Fig. 6 presents the classification accuracy achieved across the three datasets using different extraction timesteps. The experimental results show that increasing the extraction timestep generally leads to improved classification performance across all datasets. In particular, this significant enhancement on the more challenging encrypted traffic dataset suggests that higher extraction timesteps enable the diffusion model to capture more abstract and discriminative features that are particularly valuable for distinguishing between complex encrypted traffic patterns.
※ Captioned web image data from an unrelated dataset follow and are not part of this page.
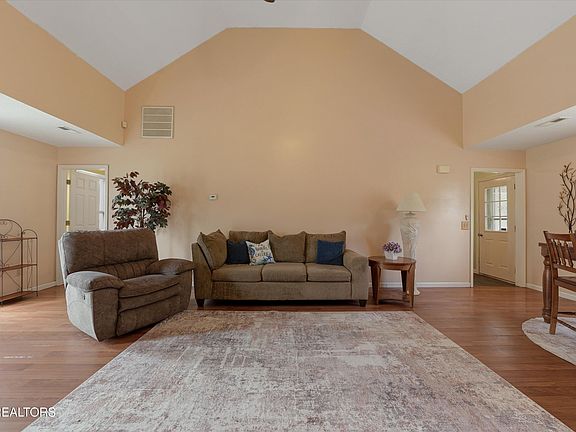 4th image of 1220 Christianburg Ln
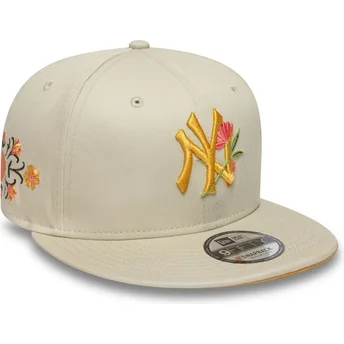 Gorra plana beige snapback 9FIFTY Floral de New York Yankees MLB de New Era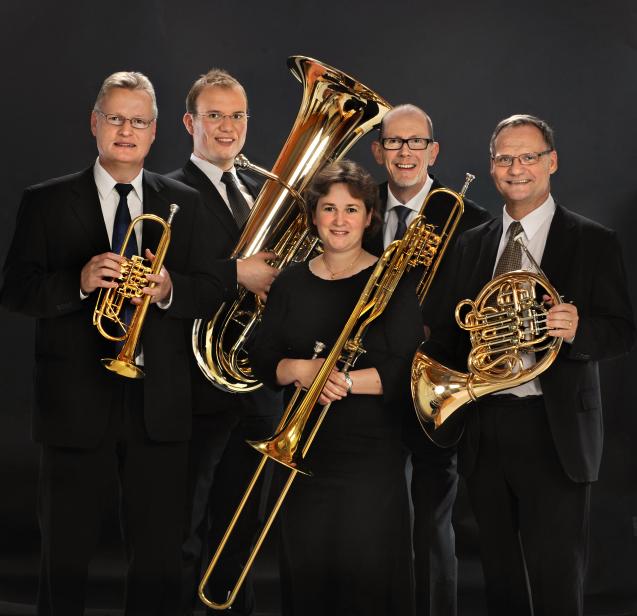 6 (11) Bon appétit med Zoie Finer En välsmakande musikalisk meny av jazz, pop, visor, rock, soul och blues med personlig touch. Gruppen bjuder på ett brett program som passar alla tillfällen.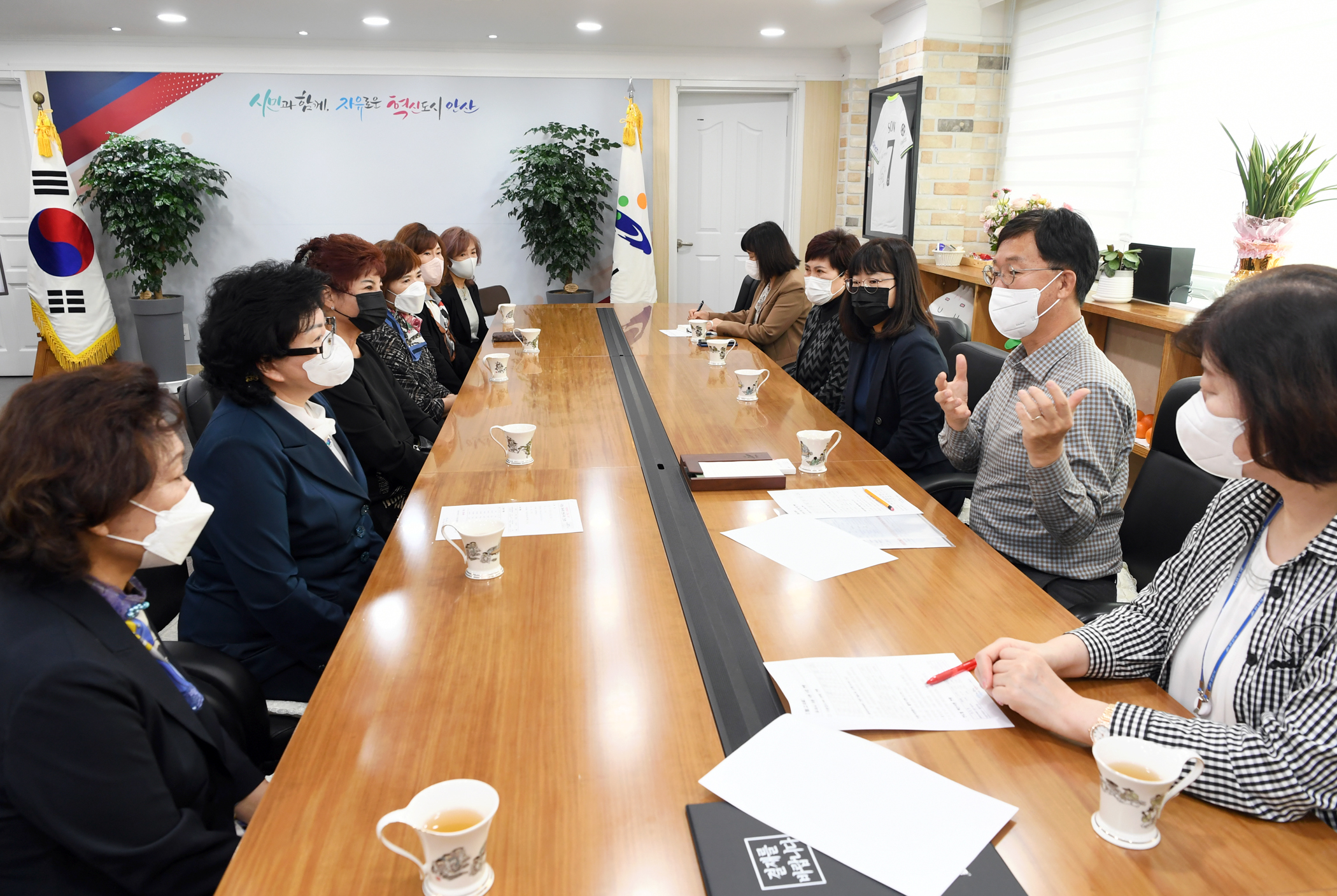 이민근 안산시장, 대한미용사회 단원구지부 임원진과 간담회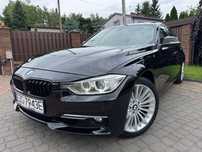 BMW Seria 3 328i XDrive Luxury Line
These findings indicate that features extracted at later stages of the diffusion process contain richer semantic information beneficial for classification tasks, especially for complex traffic patterns. The progressive improvement with increasing extraction timesteps can be attributed to the diffusion model’s ability to gradually refine its understanding of the underlying data distribution through iterative denoising steps. However, it is worth noting that the performance gains begin to plateau, particularly for the USTC-TFC and Edge-IIoTset datasets, suggesting an optimal range for the extraction timestep parameter rather than an indefinite improvement with increasing values.
V Conclusion
This paper proposes the DMLITE framework that combines diffusion models with DeepSeek to tackle network traffic classification challenges in computationally restricted IoT environments. The proposed DMLITE first introduces a self-supervised diffusion-based hierarchical feature extraction method that identifies multiscale traffic characteristics within encrypted communication channels without extensive labeled datasets. Then, an LLM-guided adaptive feature selection method that dynamically optimizes the feature space while preserving computational efficiency through intelligent parameter tuning. Extensive experimental validation across diverse benchmark datasets confirms DMLITE delivers substantial performance enhancements compared to baselines, and achieves exceptional classification accuracy across different traffic categories while dramatically reducing computational overhead. However, the framework presents higher computational complexity during the DDPM training phase and introduces deployment complexity due to its multi-component architecture, requiring careful coordination between different modules.
Future research directions include investigating lightweight diffusion architectures tailored for resource-constrained environments through neural architecture search or knowledge distillation techniques to further reduce computational overhead while maintaining feature quality. Additionally, developing automatic timestep selection mechanisms based on dataset characteristics would enhance the generalizability of the method across diverse traffic distributions without manual hyperparameter tuning. Finally, extending the framework to handle continual learning scenarios where new traffic patterns emerge dynamically would address the evolving nature of IoT network environments and enhance long-term deployment viability in real-world applications.